The solution seems trivial: instead of importing new workers from the Philippines or China, Israel can give work permits to the asylum seekers already here. Why is this not done? We've already seen the official excuse. But the deeper reason is concealed. Take, for example, Miri Regev. Just a few days before railing against "the Sudanese cancer" in Tel Aviv, the very same lady tried to promote an amendment to the law that would reduce government's regulation of foreign workers and give "manpower contractors" a free hand to import whomever they decide. How come? Well, unlike asylum seekers, who are often robbed and blackmailed by Egyptian smugglers but enter Israel free of charge, every legal migrant worker pays his Israeli "manpower contractor" thousands of dollars just for entering Israel. Asylum seekers come for free, but migrant workers are big money. Regev is a politician, and politicians are always aware of big money.

Remember Eli Yishai, the interior minister "specifically flagged as an instigator" against asylum seekers? During his time as interior minister, work permits for migrant workers have soared. His colleague in the ultra-orthodox Shas Party, former minister Shlomo Benizri, is now in prison, convicted of accepting bribe from a good friend — a "manpower contractor" — in exchange for inside information regarding foreign workers scheduled to arrive in Israel.

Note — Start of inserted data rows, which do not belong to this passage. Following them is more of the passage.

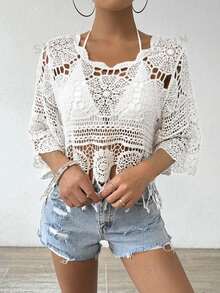 SHEIN Swim Cubrecuerpo tejido con abertura y bajo con flecos, ideal para vacaciones y tiempo libre en verano - Blanco - Ver 4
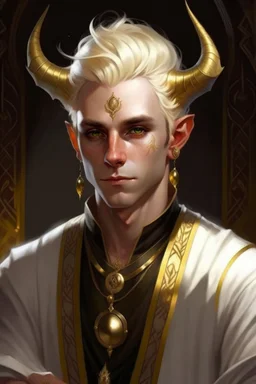 A young tiefling man with White-Blonde, short hair, black eyes, dressed in white and gold with lots of jewelry, beautiful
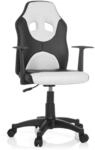 hjh OFFICE 670830 Kinder-Drehstuhl Kid Game AL Kunstleder Schwarz/Wei&szlig;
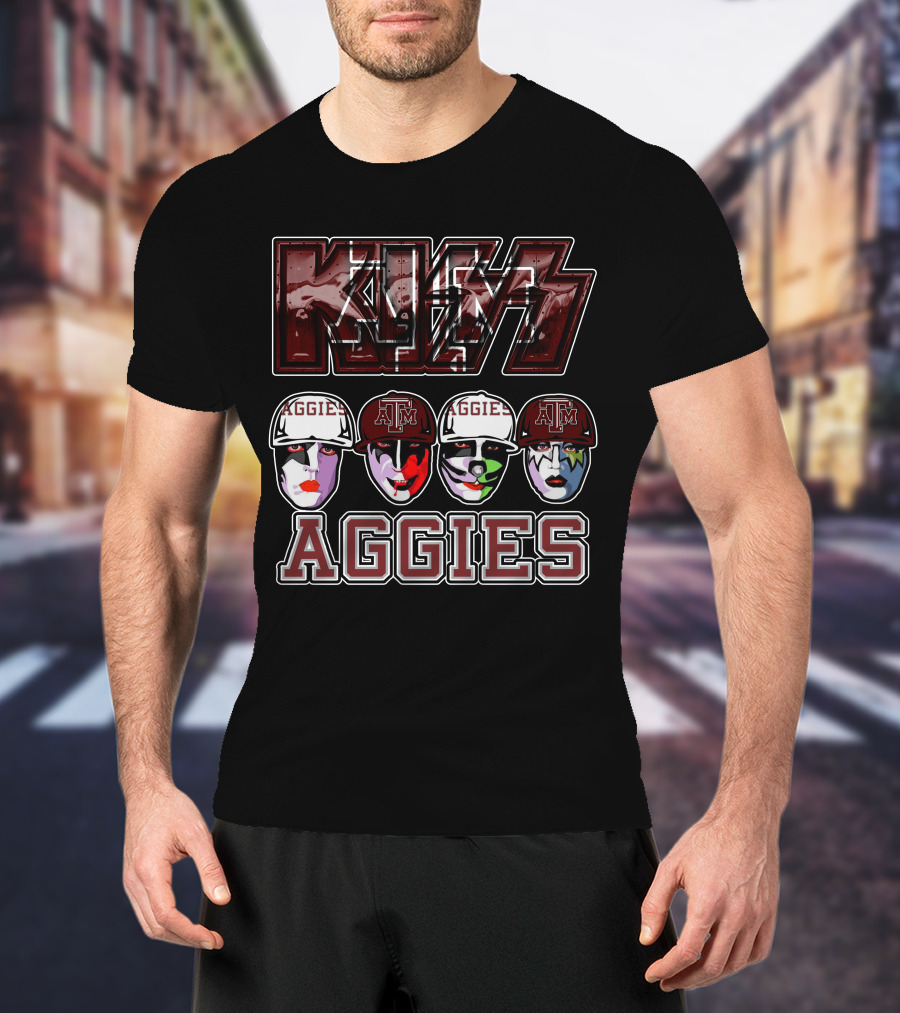 Kiss Texas A&M Aggies Face Paint And Caps T-Shirt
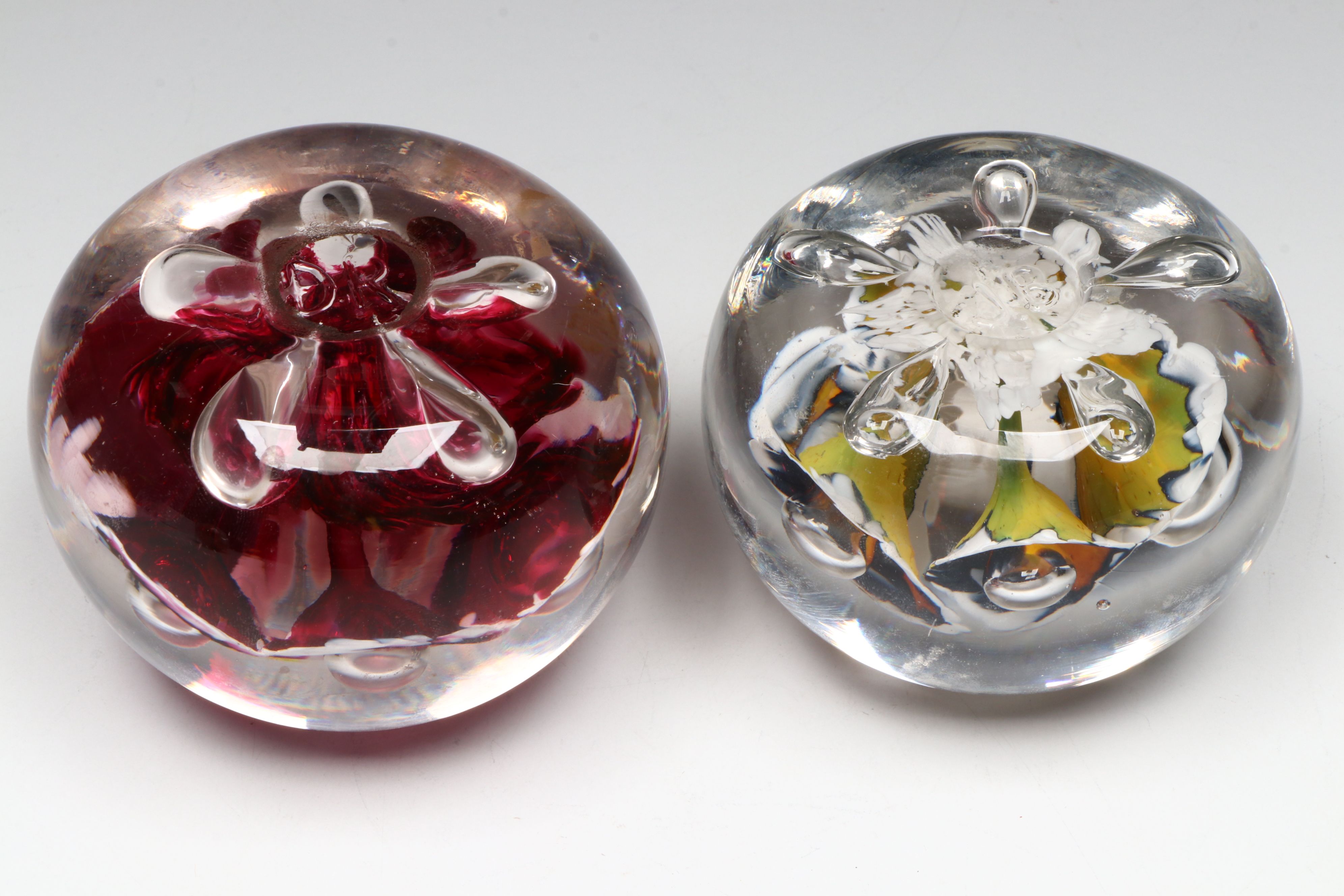 Joe St. Clair, DR, JB and Other Floral Handblown Glass Paperweights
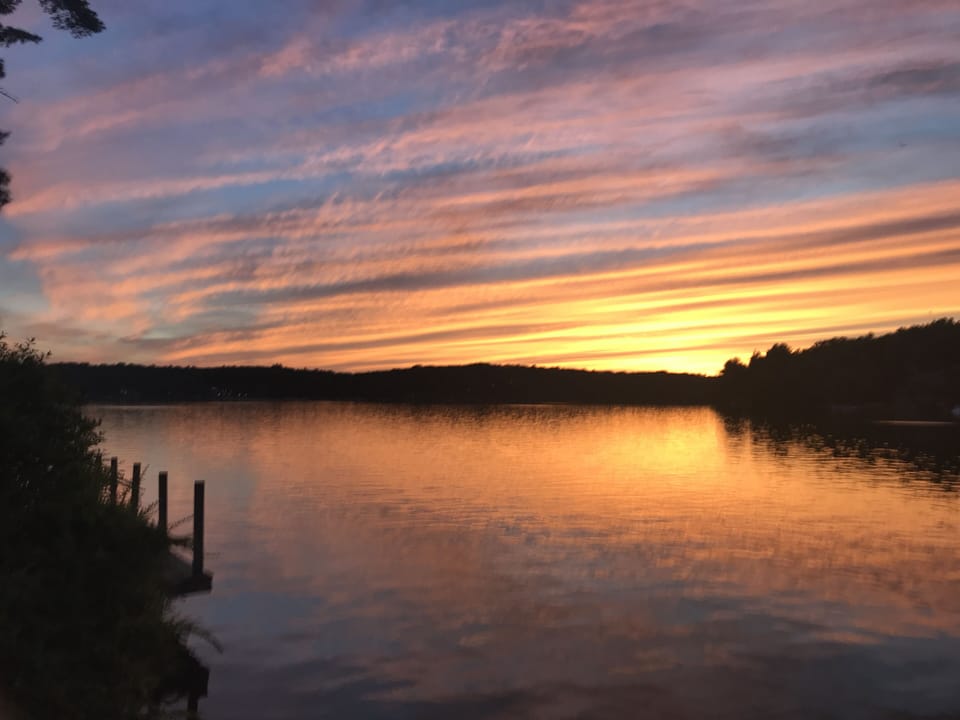 View from private dock at sunset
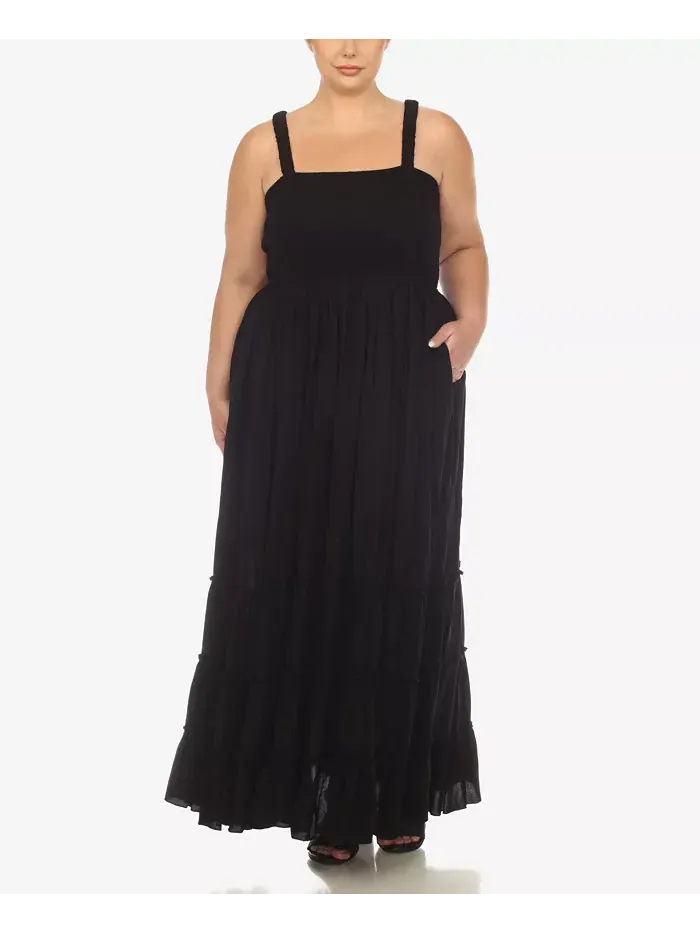 Платье макси с рюшами и сборкой Plus Size White Mark — изображение 1 из 7, черный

Regev could have helped both the poor asylum seekers and the poor Israelis who suffer from them — by urging to let the Africans work. But that would make her unpopular among the "manpower contractors" who import Asian migrant workers. Instead, she incites poor Israelis against poorer Africans and demands benefits for the rich contractors who exploit poor Asians. Social justice, Israeli-style.

Not Just Africans

Modeled on the violence against Palestinians, the incitement and eruption of violence against Africans is just another symptom of the fascist atmosphere in Israel, and it does not end with Africans. Regev specifically aimed her attack also at "the leftists who appealed to courts" (asking not to deport asylum seekers to South Sudan). "Shame on them, they stopped the deportation," she added, pointing a finger both at the "leftists" and at Israel's judiciary, despised and hated by the government. The rabble got the message: immediately afterward, Ha'aretz reporter Ilan Lior was attacked when demonstrators claimed to have identified him as "a leftist who throws stones at Israeli soldiers at a checkpoint." His denials did not help. He was saved thanks to police who pushed him into their car, warning him he might get murdered. The Israeli journalist was almost lynched, then, not for expressing any support for asylum seekers in a heated demonstration against them, but because he was seen as a political opponent in the "only democracy in the Middle East."

P.S. Regev has apologized for calling the Sudanese "cancer." However, she directed her apology to cancer patients and Holocaust survivors, not to the Sudanese.